# First Mod



## Bison (Sep 12, 2006)

Within 4 hours of picking up the Outback, made the first mod....vent covers. One small step for modders...one giant leap for us


----------



## skippershe (May 22, 2006)

Great mod there Bison









Your vents look very nice







...lucky you for being able to just drop them in instead of having to drill holes like we did...just to keep them (and the vinyl) in place









Keep up the good work!
Dawn


----------



## Bison (Sep 12, 2006)

Thanks Dawn...I had to unscrew the old ones, but the vinyl seemed like it was going to stay in one place.

The vents should work pretty well, it's a grid pattern on the bottom and closes up tight and the vent closure switch is recessed in the vent itself so the little ones can't jump on them and bend any external levers.

If I notice any vinyl movement, I may end up using some spray on adhesive to keep them in place and just tuck a fabric softner square in the vent to keep dirt out when it's open.


----------



## Husker92 (Feb 11, 2006)

Very nice!

Are they just sitting over the old vents or did the replace the stock vents?

Where did you buy the vents?


----------



## Bison (Sep 12, 2006)

Heya Husker and thanks...they replaced the old vents and drop in. We bought 'em at Home Depot...4x10's and slipped right in.


----------



## ftroop (Sep 1, 2006)

This is one mod my DW and I want to do... Thanks for the pics and the info of where you bought them!!


----------



## Lady Di (Oct 28, 2005)

Beautiful vent covers!


----------



## HootBob (Apr 26, 2004)

Nice vent covers
It doesn't matter what it is or how big or small it is
It's still a Mod









Don


----------



## wolfwood (Sep 19, 2005)

HootBob said:


> Nice vent covers
> It doesn't matter what it is or how big or small it is
> It's still a Mod
> 
> ...


Yeah, what he said....and he's a Moderator so he's right!

Our 1st mod was to screw a "Mud Dauber" cage on to cover the outside furnace vent (keeps the bees out!). At least the other OBers here recognize what "vent covers" are









Congrats! Don't think you're done after just one!!


----------



## tdvffjohn (Mar 10, 2005)

Doing a mod within 4 hrs of delivery................You ll fit in just fine here
















John


----------



## Bison (Sep 12, 2006)

Thanks Ftroop and anytime!

Much appreciated Lady Di, we got them in the brushed aluminum (or nickel) to match the door pulls.

I agree Don, just seems some of the mods are really extensive (can't wait to get on those







)

Oooh, good mod Wolfwood...I'll have to consider that one. We have yellowjackets out here that would love to make it their home. Never considered it the last...just the first of many.

Thanks John, much appreciated


----------



## PDX_Doug (Nov 16, 2004)

Those are nice looking covers, Bison!








I wish they had had those at our HD when I was shopping.

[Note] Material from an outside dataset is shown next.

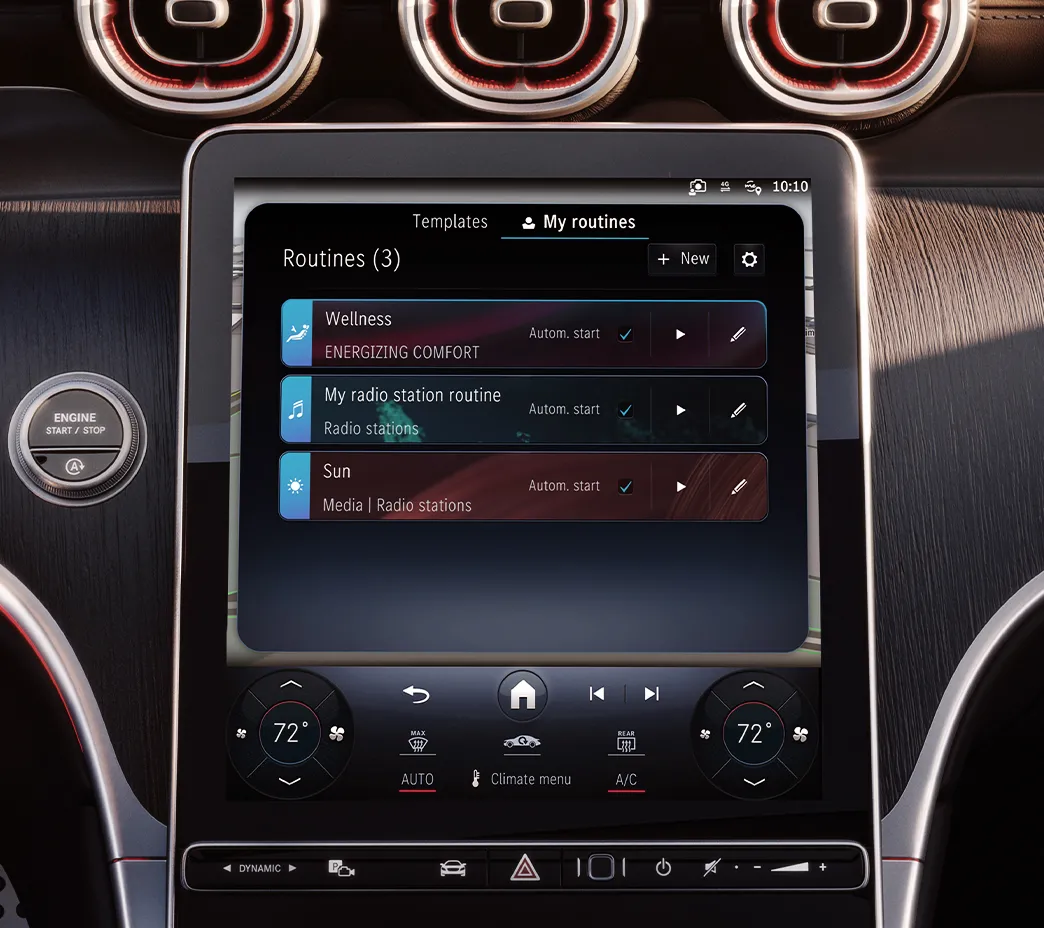 3rd-gen MBUX (the Mercedes-Benz User Experience) offers a lifelike, AI-based virtual voice assistant. Routines let you automate everyday functions based on location, conditions or other parameters.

I'm happy with the ones we bought at Lowes, but like these more.

Happy Trails,
Doug


----------



## chetlenox (Feb 3, 2004)

Nice covers.

One thing I've had trouble with in my rig is that the vinyl flooring is just barely cut large enough to overlap the outside edge of the vent. I finally started "slipping past" the stock vent covers, so I got what I thought was slightly larger ones to cover a little better. Now, these supposedly larger (actually probably the same size) covers also have vinyl popping up around the outside. Last week I "glued down" the vinyl around the edge with vinyl flooring paste. Hopefully that works. If not, I'm going to have to figure out some sort of way to widen the vents themselves, maybe a thin metal "ring" to go around the outside.

Ok, I'm not sure why I shared all that, it was barely related to your mod...









Chet.


----------



## tdvffjohn (Mar 10, 2005)

Its OK Chet, we know you feel better now for sharing


----------



## Fire44 (Mar 6, 2005)

They look great.....replacing the vents would be a 1/2 beer mod....but with the look of those vents..it would have to be a one full beer mod...
















Gary


----------



## Bison (Sep 12, 2006)

Thanks Doug...the wife actually found them (big surprise there), but there were only two left on the shelf. We ended up getting the employees to climb up a ladder to get a box tucked way in the back that my wife somehow spotted...I'll still never get that.

LMAO Chet...fortunately the vinyl was cut right up to the opening in the floor. You might try getting larger vents, it seems the hole in the floor is standard residential and get a larger lipped vent...or duct tape...that'll work too.

Thanks Gary...I think I actually had two


----------